San Francisco, bless its heart, spends hundreds of millions of dollars trying to help and house the extremely poor - but it ignores a large segment of its population who committed the big mistake of ... getting a job.
C.W. Nevius, a columnist for San Francisco Chronicle, wrote:
A family of four that makes more than $24,850 - which is 30 percent of San Francisco's average median income - will be unable to find any subsidized housing, according to local experts. Instead, the family can either cram into a tiny studio or flee the city - along with the better-paid teachers, firefighters and police officers who have already done so.
Unfortunately, all of these people made a single, critical mistake: They got a job.
In a system set up to lend a hand to those well under the poverty line, someone forgot to factor in the price of living in San Francisco. The San Francisco branch of ACORN, a national grassroots organization of low- and moderate-income people, says that 80 percent of those who receive subsidized housing in the city are making $17,400 or less for a one-person household.
So if a person finds a job at the city's minimum wage ($9.36 an hour) he's almost certainly out of luck when it comes to the city's vaunted housing assistance programs. Working a 40-hour week for 52 weeks a year, he will make over $19,000. Too much to get help.
Ask Jackie Phillips, a lifelong Bayview-Hunters Point resident whose son's family, including three children, recently moved in with her. Their problem?

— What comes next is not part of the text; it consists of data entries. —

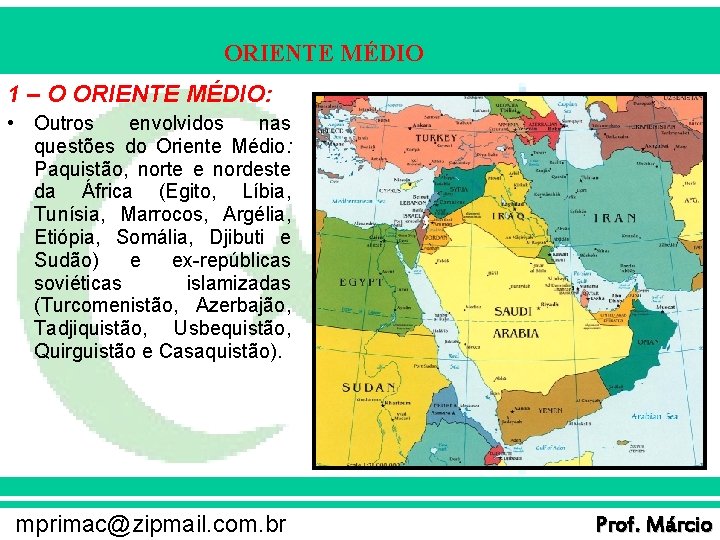 ORIENTE MÉDIO 1 – O ORIENTE MÉDIO: • Outros envolvidos nas questões do Oriente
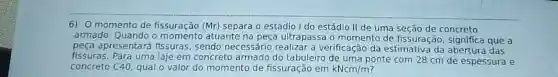 6) 0 momento de fissuração (Mr)separa o estádio I do estádio II de uma seção de concreto
armado. Quando o atuante na peça ultrapassa o momento de fissuração significa que a
peça apresentare fissuras, sendo necessário realizar a verificação da estimativa da das
fissuras. Para uma laje em concreto armado do tabuleiro de uma ponte com 28 cm de espessura e
concreto C40, qual o valor do momento de fissuração em kNcm/m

Both her son and his wife work.
"Their income is not low enough to qualify for the programs, but not high enough to buy at market rate," Phillips said. "So we're saying: Be all you can be, but don't be too much, or you will have to move out."
The idea of a "living wage" that SF instituted was for exactly this... to give working people enough money so they wouldn't need government help. Yes, housing prices all over California are insane, but if people refused to pay that much, they'd come down.
I struggle to put food on the table for my daughter and gas in my car to continue working. I do not expect a handout, but what can you do when you cannot afford to move, and you cannot afford to live? I would take a second job, but cannot afford to pay someone to watch my toddler on the weekends (by the time I paid the sitter the money would be gone, plus more). The income level is based on gross, before they tax it, before the 300 a check garneshment comes out. I am doing the right thing, and it is killing me. I had social workers tell me to take a lower paid job to get assitance. Does that make sense? I have worked hard all my life, and I am not asking for a luxurious life. I just wish I could worry less about feeding and housing my daughter.